Am nächsten Tag machte ich mich dann mal alleine in Richtung Parque Central auf und ließ die Umgebung auf mich wirken und das tat sie ziemlich intensiv. Für mich, da ich noch nie selber in einem ‚Dritte-Welt-Land’ gewesen bin, war der Wohlstandsunterschied, der sich durch viele, viele Merkmale zeigen kann, sehr einnehmend. Die Hitze und der Zeitunterschied gaben ihr Übriges dazu, sodass ich mich wie niedergeschlagen fühlte. Ich wanderte durch die Straßen und musterte die Häuser und Leute und die Leute musterten mich. Plötzlich endete die Straße und es tauchte ein Abgrund auf, weit unten sah ich die Laguna de Masaya umgeben von weitem Grün mit Erhebungen und Vulkanen am Horizont. Wie ich später erfuhr nennt sich dieser Ort el malecon und ist eine wunderschöne Aussichtsstelle. Aufgemuntert von dem tollen Ausblick machte ich mich auf den Heimweg, den ich wie zu erwarten erst nach kurzem Herumirren fand.

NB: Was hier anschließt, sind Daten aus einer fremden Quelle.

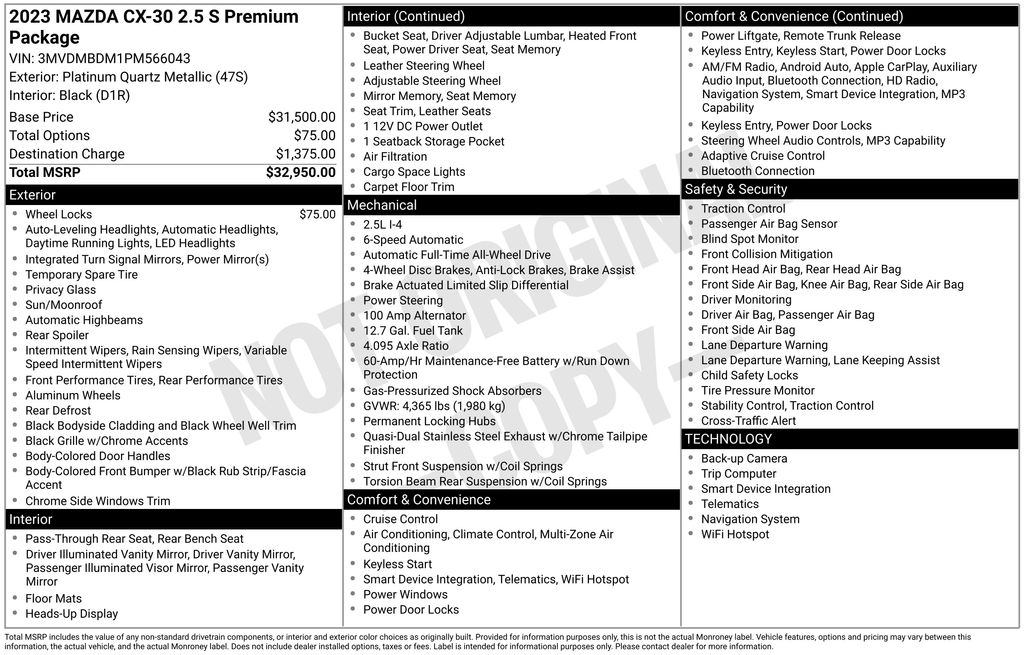used 2023 Mazda CX-30 car, priced at $22,300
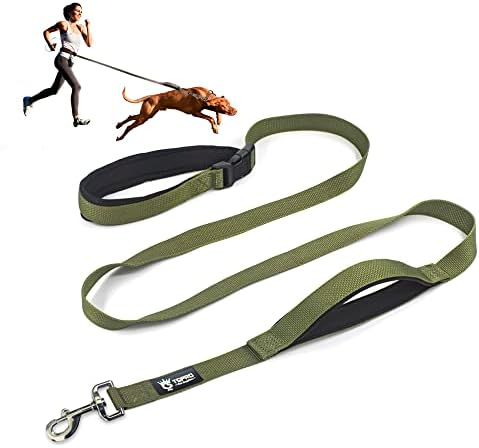 TSPRO Hands Free Dog Leash Adjustable Walking Running Dog Leash with Control Safety Padded Handle and Heavy Duty Clasp for Small Medium Large Dogs(Green)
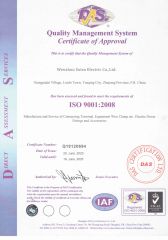 ISO9001 certificate from Wenzhou Soiea Electric Co., Ltd.
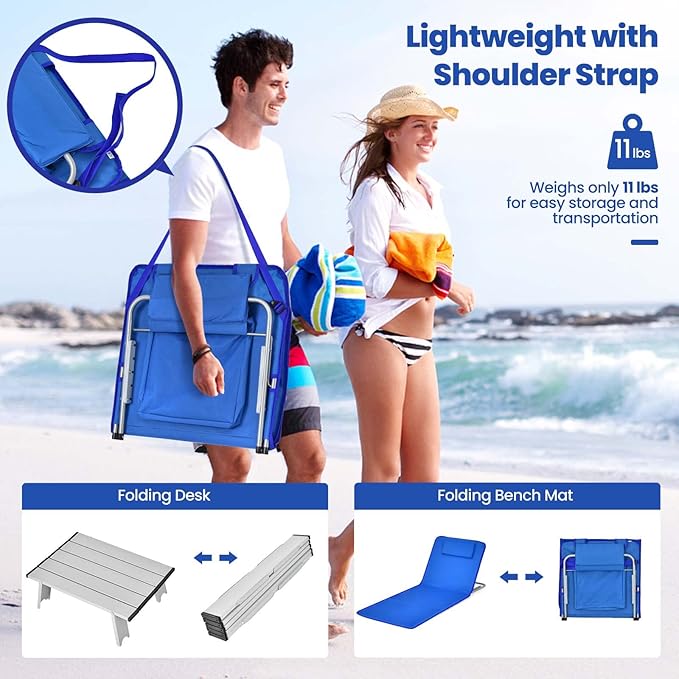 Nightcore 3-Piece Beach Chairs Set for Adults, Adjustable Lawn Chair with Side Table for Outdoor Relaxing & Sun Tanning, Portable & Folding Recline Chaise Lounge for Beach, Patio, Camping (Blue)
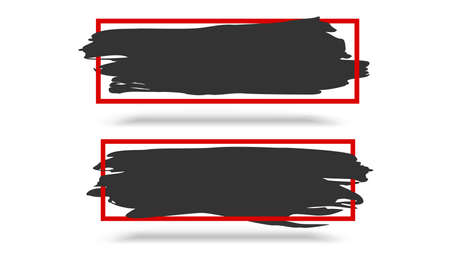 Abstract black banner with a red border and shadow on white background. Template, template for your design, discounts, creative proposals. Vector illustration.のイラスト素材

Am Mittwoch erreichten dann die Teilnehmer der Begegnungsreise Masaya und wir feierten Willkommensparty in Michaels Restaurant, der Jarochita. Auch die zukünftigen Gastgeber waren eingeladen und ich lernte die Landeros kennen.
Die nächsten drei Wochen nahm ich an der von Brigitte Fischer, Michael Huhn und Isolina, einer Lehrerin aus Masaya, organisierten Reise teil.
Bei dieser Reise besuchten wir in und um Masaya viele Projekte und Institutionen, von denen viele vom Monimbó-Verein unterstützt werden und führten Unterhaltungen mit den Mitgliedern. Dabei erfuhren wir sehr viel über soziale Arbeit in Masaya und lernten die Probleme der Menschen und des Landes kennen. Auf dem Programm stand sogar auch ein Besuch beim Bürgermeister und bei einer weiterführenden Schule. Außerdem besichtigten wir Léon, Granada und Managua, fuhren an den Pazifik und auf Ometepe und bestiegen drei Vulkane. Die drei Wochen waren gefüllt mit interessanten Programmpunkten und schönen Ausflügen auf der sich die Gruppe von Lehrern, Schülern und Bürgern besser und besser kennen lernte und zusammenwuchs, sodass am Ende der Abschied schwerfiel.
Für mich bedeutete der Abschied der Gruppe gleichzeitig der Beginn meiner Arbeit in Masaya.
Die Vorschule hatte ich schon vorher zweimal besucht, wobei wir einmal mit einer großen sehr rührenden Willkommensveranstaltung begrüßt wurden. Der Abschied war am Samstag den 22. Juli und ich hatte noch zwei Tage mich von dem ganzen Trubel auszuruhen und innerlich auf Montag vorzubereiten. Diese Zeit hieß ich für den Zweck sehr willkommen und freute mich auf den Tag. Ich verarbeitete die letzten drei Wochen ein wenig in denen ich wirklich sehr viel erlebt und gesehen hatte, dass sich in kurzer Zeit gar nicht ganz beschreiben lässt. Wer mehr zum Verlauf der Reise erfahren möchte, kann entweder eine Kurzzusammenfassung auf der Homepage der Nell-Breuning-Schule lesen, oder sich eine Auswahl von Daniels und meinen Bildern der drei Wochen anschauen.
An dieser Stelle möchte ich auch noch mal ein Dank an Brigitte, Michael, Fatima und Isolina ausdrücken, die alles super organisiert haben und dafür viel gearbeitet haben. Es war ein sehr schöner Einstieg in meine Zeit hier und ich denke alle Teilnehmer haben nun einen guten Einblick bekommen, wie Nicaragua ist und können diese Erfahrung zu Hause weitergeben. Besonders gut gefiel mich der Charakter der Reise, der passend mit der Bezeichnung als Begegnungsreise beschrieben wird.
Im nächsten Post plane ich eine kurze aber pikante Demonstration von Unterschieden zwischen Nicaragua und Deutschland und ein paar mehr Impressionen, die ich in der Kürze nicht gut unterzubringen wusste.
Natürlich werde ich dann auch endlich mal auf den eigentlichen Sinn des Ganzen eingehen, nämlich meine Arbeit hier, die ich diese Woche begonnen habe und, soviel verrate ich schon, mir gefällt.